- [SUPPLIED RECORDS]:
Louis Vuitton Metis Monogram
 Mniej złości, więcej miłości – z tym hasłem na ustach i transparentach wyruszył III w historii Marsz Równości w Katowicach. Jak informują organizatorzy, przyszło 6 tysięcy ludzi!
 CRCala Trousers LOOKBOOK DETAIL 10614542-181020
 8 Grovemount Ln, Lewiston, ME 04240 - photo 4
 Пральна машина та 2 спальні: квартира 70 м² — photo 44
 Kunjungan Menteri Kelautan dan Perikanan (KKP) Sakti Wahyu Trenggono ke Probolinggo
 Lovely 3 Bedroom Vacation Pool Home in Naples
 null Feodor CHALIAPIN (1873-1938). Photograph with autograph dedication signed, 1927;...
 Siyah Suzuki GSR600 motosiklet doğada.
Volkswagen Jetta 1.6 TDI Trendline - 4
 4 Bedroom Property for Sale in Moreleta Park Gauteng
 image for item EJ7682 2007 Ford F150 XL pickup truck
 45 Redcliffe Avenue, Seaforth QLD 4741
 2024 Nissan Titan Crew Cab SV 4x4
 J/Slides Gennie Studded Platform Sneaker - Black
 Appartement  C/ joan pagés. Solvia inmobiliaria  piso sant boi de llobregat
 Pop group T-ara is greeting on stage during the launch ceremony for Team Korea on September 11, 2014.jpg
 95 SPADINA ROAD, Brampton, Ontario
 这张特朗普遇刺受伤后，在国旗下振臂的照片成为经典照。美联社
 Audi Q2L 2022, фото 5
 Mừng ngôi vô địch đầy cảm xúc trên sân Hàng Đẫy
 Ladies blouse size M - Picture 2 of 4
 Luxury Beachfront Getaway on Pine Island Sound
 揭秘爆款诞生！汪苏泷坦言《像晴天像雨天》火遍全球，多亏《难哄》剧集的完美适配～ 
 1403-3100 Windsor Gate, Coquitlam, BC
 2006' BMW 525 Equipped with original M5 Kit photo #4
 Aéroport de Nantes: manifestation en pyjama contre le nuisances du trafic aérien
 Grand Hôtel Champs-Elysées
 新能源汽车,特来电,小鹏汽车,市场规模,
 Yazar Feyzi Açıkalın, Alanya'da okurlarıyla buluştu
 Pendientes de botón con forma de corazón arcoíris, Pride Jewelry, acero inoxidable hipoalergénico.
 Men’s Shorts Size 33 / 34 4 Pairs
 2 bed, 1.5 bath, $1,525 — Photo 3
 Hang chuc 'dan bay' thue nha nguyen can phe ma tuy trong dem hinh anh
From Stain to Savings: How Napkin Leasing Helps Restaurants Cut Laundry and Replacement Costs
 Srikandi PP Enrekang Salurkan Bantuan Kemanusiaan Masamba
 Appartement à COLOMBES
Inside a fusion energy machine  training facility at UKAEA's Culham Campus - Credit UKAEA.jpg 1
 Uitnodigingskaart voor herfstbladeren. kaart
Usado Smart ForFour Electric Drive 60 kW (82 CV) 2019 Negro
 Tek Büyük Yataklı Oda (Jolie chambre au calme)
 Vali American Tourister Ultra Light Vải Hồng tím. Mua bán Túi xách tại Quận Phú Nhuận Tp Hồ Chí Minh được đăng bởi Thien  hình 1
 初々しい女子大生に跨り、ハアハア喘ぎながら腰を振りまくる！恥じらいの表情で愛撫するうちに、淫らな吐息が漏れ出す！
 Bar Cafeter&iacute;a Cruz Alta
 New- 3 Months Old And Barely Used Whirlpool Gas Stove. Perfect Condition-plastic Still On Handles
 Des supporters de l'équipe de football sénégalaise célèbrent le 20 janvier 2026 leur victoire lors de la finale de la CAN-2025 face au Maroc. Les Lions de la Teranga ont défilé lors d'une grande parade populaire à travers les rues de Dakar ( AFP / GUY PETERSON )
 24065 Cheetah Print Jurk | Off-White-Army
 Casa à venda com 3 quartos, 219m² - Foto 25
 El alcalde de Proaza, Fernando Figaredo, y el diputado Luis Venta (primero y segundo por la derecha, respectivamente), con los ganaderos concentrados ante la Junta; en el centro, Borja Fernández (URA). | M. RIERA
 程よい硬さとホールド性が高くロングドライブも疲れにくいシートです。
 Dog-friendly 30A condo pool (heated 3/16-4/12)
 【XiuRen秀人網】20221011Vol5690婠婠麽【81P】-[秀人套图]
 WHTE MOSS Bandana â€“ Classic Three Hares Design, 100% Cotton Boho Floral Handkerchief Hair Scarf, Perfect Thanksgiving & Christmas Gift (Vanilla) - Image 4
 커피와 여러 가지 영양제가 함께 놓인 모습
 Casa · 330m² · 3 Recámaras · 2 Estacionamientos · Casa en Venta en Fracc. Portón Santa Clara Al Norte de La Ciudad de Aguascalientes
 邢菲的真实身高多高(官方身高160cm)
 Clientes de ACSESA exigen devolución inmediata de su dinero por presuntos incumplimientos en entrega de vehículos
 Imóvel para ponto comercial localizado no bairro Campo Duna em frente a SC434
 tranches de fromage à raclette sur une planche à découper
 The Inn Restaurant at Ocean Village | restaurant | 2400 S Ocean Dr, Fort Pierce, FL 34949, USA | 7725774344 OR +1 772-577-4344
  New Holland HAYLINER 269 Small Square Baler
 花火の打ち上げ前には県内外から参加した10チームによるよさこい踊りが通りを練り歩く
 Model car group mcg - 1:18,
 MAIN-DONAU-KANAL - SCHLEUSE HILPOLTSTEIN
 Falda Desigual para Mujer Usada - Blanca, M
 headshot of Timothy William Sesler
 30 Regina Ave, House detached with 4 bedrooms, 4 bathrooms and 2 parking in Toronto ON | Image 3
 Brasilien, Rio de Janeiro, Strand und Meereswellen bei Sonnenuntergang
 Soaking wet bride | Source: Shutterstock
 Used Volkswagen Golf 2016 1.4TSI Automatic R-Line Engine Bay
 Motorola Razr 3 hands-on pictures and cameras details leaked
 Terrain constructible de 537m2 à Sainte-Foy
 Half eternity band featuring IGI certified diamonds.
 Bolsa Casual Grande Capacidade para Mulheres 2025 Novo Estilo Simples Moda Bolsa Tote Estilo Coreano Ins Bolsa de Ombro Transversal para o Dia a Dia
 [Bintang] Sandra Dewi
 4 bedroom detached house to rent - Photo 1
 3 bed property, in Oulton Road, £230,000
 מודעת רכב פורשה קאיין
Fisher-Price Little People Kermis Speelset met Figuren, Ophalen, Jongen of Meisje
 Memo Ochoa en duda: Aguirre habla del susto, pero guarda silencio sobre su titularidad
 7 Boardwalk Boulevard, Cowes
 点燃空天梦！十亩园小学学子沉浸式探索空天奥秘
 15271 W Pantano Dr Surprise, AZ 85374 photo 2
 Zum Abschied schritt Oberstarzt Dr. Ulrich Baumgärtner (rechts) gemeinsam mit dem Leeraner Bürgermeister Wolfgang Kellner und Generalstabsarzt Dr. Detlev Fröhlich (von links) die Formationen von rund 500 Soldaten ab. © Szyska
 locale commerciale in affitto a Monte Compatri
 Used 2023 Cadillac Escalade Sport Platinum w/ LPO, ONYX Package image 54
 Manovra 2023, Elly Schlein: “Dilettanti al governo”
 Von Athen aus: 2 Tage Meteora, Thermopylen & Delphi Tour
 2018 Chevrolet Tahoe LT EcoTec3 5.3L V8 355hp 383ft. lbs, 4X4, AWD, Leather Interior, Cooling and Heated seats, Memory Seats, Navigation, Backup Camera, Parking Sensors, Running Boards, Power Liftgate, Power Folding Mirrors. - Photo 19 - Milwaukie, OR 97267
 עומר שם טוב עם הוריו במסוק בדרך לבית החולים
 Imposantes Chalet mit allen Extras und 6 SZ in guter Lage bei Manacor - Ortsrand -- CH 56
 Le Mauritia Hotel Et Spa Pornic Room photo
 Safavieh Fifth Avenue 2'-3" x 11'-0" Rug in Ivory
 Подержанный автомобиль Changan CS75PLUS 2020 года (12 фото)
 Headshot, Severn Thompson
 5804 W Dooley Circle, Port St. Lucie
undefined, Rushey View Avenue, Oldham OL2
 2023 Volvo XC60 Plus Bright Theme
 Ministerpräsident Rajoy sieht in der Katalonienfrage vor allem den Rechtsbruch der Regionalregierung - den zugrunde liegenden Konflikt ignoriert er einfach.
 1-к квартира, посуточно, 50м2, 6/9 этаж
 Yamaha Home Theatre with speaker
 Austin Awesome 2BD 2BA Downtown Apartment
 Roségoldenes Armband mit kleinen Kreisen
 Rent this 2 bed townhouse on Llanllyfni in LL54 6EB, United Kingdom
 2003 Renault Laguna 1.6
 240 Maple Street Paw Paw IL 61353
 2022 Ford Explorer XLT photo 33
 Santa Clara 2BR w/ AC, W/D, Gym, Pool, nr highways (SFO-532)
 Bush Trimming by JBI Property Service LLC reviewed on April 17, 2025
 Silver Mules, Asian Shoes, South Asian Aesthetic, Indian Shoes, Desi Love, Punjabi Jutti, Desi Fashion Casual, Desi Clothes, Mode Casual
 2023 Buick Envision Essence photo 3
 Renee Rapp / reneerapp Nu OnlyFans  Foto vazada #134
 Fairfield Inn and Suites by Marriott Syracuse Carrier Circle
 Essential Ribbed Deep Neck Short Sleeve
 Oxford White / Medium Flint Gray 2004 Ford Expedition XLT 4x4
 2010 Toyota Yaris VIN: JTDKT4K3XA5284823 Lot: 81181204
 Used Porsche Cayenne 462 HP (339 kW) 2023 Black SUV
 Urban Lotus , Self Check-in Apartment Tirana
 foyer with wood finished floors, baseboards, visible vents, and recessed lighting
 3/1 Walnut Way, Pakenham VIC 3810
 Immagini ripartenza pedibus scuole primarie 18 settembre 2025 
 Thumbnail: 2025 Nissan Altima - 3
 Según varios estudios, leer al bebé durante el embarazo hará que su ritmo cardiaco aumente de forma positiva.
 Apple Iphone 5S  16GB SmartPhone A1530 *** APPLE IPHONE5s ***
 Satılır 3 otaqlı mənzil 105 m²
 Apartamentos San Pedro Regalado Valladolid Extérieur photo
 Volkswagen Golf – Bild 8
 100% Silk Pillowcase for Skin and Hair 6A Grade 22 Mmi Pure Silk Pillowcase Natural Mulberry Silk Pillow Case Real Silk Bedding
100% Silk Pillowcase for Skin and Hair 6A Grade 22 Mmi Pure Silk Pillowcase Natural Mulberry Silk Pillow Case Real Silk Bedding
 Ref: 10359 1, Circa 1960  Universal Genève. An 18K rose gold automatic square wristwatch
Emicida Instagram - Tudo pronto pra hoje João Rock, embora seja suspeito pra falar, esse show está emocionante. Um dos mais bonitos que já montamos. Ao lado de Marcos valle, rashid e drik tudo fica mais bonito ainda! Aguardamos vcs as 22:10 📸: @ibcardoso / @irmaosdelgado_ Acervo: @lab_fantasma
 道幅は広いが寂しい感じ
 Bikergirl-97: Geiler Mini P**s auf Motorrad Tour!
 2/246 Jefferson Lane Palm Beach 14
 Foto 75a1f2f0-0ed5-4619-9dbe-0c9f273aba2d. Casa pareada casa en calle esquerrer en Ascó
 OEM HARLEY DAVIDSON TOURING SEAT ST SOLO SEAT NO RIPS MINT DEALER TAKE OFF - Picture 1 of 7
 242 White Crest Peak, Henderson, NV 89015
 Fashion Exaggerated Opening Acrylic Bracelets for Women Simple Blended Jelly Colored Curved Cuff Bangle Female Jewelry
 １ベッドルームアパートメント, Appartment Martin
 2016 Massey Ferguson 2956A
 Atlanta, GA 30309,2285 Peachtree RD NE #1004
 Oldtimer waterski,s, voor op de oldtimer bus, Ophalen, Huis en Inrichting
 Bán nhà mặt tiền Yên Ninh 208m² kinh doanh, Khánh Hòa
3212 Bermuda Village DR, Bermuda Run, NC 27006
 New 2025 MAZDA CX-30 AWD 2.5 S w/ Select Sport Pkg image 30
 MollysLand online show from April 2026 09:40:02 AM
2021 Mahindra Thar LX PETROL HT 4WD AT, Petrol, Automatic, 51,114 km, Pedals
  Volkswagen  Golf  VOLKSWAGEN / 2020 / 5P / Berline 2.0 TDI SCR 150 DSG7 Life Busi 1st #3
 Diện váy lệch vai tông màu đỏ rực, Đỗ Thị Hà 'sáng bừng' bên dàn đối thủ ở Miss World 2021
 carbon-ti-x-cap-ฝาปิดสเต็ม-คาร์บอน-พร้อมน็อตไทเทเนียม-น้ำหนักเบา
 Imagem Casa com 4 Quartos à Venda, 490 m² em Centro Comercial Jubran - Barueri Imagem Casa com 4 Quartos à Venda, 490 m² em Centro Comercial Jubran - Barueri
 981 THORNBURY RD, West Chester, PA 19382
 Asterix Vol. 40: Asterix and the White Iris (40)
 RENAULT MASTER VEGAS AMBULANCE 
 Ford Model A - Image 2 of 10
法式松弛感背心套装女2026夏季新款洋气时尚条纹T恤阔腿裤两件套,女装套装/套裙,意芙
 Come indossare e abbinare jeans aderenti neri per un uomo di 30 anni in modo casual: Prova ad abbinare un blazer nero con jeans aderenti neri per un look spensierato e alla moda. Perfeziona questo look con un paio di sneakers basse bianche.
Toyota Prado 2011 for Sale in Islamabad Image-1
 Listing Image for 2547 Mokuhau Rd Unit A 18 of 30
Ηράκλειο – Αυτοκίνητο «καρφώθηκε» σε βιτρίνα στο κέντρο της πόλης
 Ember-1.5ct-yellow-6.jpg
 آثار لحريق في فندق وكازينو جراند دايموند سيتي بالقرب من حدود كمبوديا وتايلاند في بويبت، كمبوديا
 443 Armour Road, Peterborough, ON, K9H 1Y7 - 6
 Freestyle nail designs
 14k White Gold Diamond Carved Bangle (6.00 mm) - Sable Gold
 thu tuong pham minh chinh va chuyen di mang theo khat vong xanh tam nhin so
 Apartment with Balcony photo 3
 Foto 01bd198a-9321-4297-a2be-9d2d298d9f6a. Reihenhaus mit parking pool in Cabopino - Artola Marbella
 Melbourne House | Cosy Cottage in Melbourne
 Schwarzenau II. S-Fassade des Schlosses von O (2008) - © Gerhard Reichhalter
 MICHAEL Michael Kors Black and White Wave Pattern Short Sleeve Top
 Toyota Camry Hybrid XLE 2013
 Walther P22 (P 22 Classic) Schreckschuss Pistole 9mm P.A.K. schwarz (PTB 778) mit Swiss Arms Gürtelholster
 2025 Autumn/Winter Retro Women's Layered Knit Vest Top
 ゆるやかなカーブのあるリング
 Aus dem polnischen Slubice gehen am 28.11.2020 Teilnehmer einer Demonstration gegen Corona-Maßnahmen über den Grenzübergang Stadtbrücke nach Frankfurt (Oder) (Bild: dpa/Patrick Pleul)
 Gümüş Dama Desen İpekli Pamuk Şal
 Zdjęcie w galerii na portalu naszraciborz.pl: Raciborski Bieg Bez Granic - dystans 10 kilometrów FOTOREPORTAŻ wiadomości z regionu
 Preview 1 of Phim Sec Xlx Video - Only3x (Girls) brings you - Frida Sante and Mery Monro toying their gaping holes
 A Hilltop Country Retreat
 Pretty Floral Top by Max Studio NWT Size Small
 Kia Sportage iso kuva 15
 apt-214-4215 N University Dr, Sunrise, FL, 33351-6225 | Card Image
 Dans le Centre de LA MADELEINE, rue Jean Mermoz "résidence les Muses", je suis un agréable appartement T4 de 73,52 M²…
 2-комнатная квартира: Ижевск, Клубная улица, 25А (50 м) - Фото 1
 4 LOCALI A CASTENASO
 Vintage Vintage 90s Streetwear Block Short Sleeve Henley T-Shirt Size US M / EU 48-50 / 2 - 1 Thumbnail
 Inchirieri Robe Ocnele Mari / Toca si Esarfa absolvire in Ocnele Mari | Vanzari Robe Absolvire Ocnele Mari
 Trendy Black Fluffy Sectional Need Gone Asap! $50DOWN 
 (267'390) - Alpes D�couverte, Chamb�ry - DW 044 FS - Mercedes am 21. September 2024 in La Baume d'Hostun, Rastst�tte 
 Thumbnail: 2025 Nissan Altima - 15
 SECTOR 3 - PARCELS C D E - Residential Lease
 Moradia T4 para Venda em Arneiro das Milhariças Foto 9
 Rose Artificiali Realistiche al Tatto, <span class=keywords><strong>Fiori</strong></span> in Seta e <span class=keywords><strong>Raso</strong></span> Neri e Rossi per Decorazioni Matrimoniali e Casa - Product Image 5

- [ASSIGNMENT]:
Taking the records above, retype every line from the one with "程よい硬さとホールド性が高くロングドライブも疲れにくいシートです。" down to the one with "Terrain constructible de 537m2 à Sainte-Foy", exactly and with nothing else.

- [EXERCISE RESPONSE]:
 程よい硬さとホールド性が高くロングドライブも疲れにくいシートです。
 Dog-friendly 30A condo pool (heated 3/16-4/12)
 【XiuRen秀人網】20221011Vol5690婠婠麽【81P】-[秀人套图]
 WHTE MOSS Bandana â€“ Classic Three Hares Design, 100% Cotton Boho Floral Handkerchief Hair Scarf, Perfect Thanksgiving & Christmas Gift (Vanilla) - Image 4
 커피와 여러 가지 영양제가 함께 놓인 모습
 Casa · 330m² · 3 Recámaras · 2 Estacionamientos · Casa en Venta en Fracc. Portón Santa Clara Al Norte de La Ciudad de Aguascalientes
 邢菲的真实身高多高(官方身高160cm)
 Clientes de ACSESA exigen devolución inmediata de su dinero por presuntos incumplimientos en entrega de vehículos
 Imóvel para ponto comercial localizado no bairro Campo Duna em frente a SC434
 tranches de fromage à raclette sur une planche à découper
 The Inn Restaurant at Ocean Village | restaurant | 2400 S Ocean Dr, Fort Pierce, FL 34949, USA | 7725774344 OR +1 772-577-4344
  New Holland HAYLINER 269 Small Square Baler
 花火の打ち上げ前には県内外から参加した10チームによるよさこい踊りが通りを練り歩く
 Model car group mcg - 1:18,
 MAIN-DONAU-KANAL - SCHLEUSE HILPOLTSTEIN
 Falda Desigual para Mujer Usada - Blanca, M
 headshot of Timothy William Sesler
 30 Regina Ave, House detached with 4 bedrooms, 4 bathrooms and 2 parking in Toronto ON | Image 3
 Brasilien, Rio de Janeiro, Strand und Meereswellen bei Sonnenuntergang
 Soaking wet bride | Source: Shutterstock
 Used Volkswagen Golf 2016 1.4TSI Automatic R-Line Engine Bay
 Motorola Razr 3 hands-on pictures and cameras details leaked
 Terrain constructible de 537m2 à Sainte-Foy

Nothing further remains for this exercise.